## [TRY IT]
Write out exactly, with both ends included, the lines that run from the line containing "Real Fruit Ice Cream Machine" to the end of the entries. Pictures are not part of the answer.

=-=-=-=-=

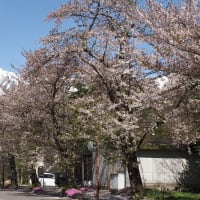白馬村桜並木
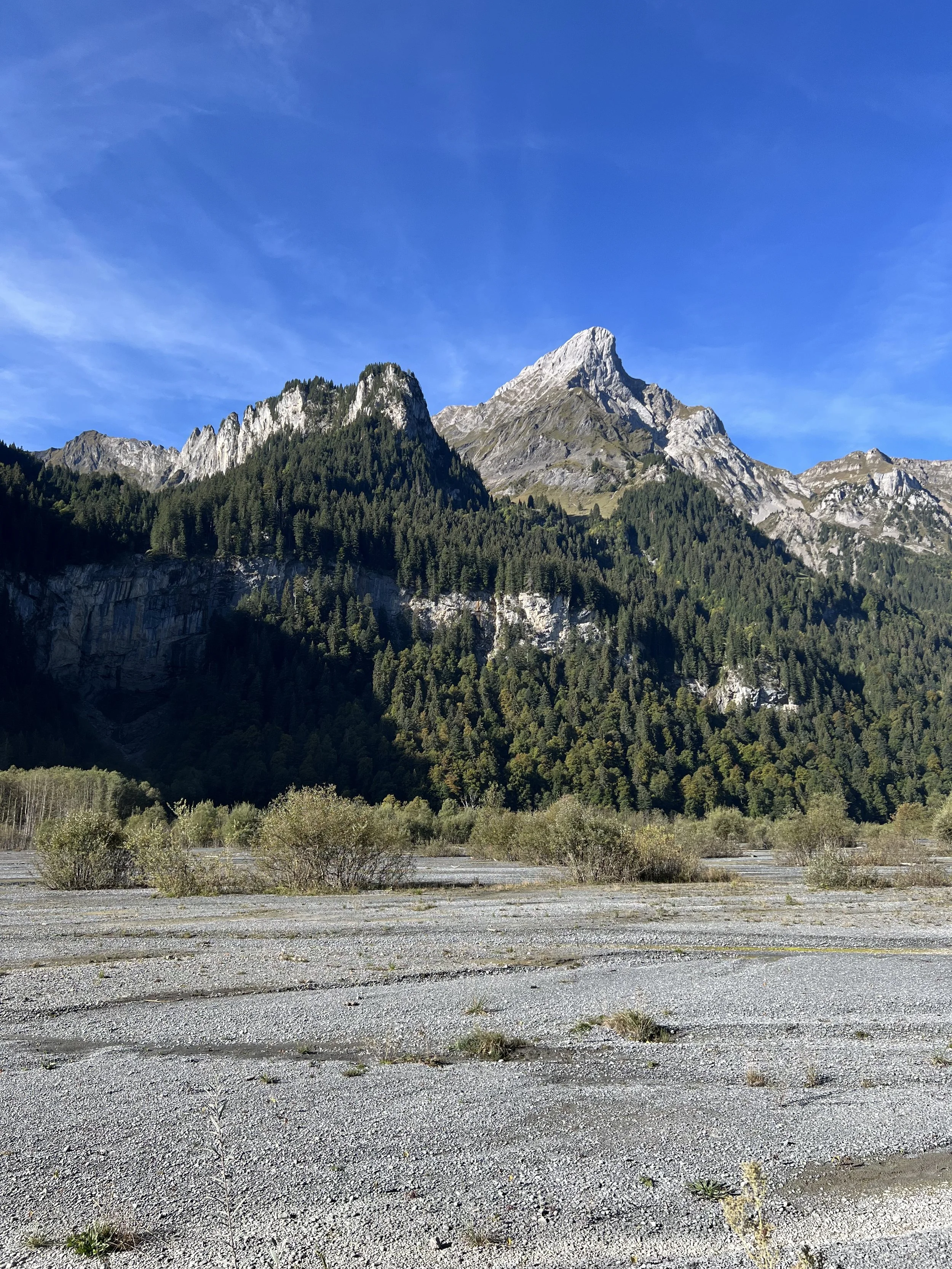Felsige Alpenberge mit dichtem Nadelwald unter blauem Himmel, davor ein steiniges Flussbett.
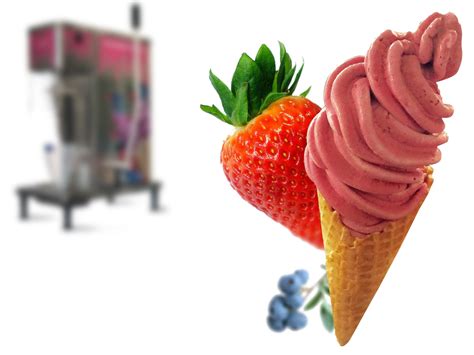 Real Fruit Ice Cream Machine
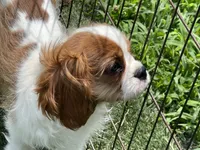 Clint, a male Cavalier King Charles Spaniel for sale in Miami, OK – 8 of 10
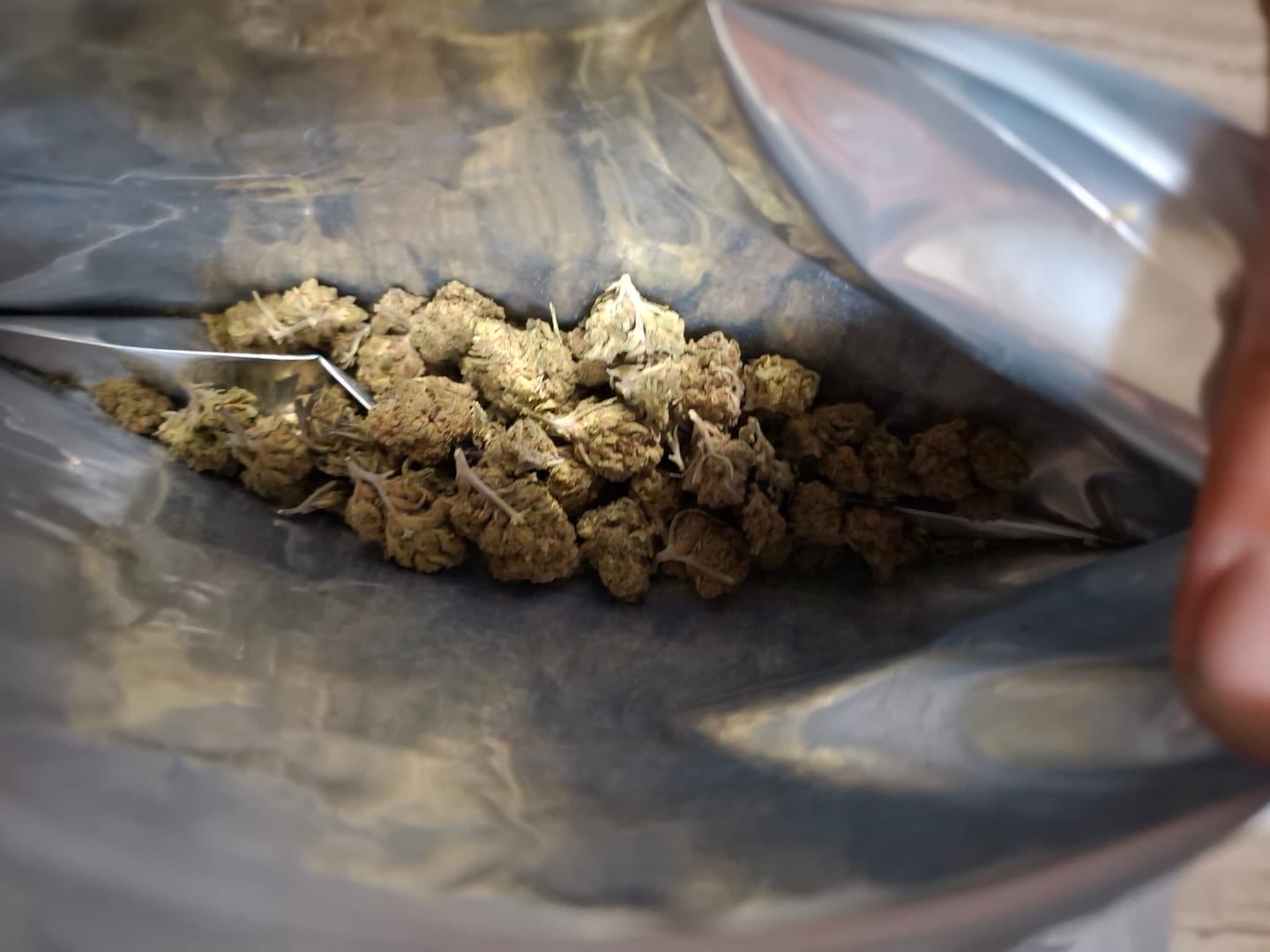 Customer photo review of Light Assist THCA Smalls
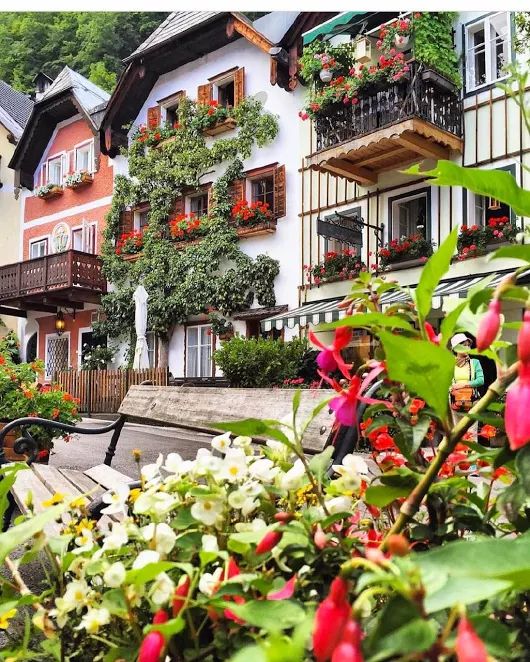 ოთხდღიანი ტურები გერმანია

=-=-=-=-=

## [REPLY]
 Real Fruit Ice Cream Machine
 Clint, a male Cavalier King Charles Spaniel for sale in Miami, OK – 8 of 10
 Customer photo review of Light Assist THCA Smalls
 ოთხდღიანი ტურები გერმანია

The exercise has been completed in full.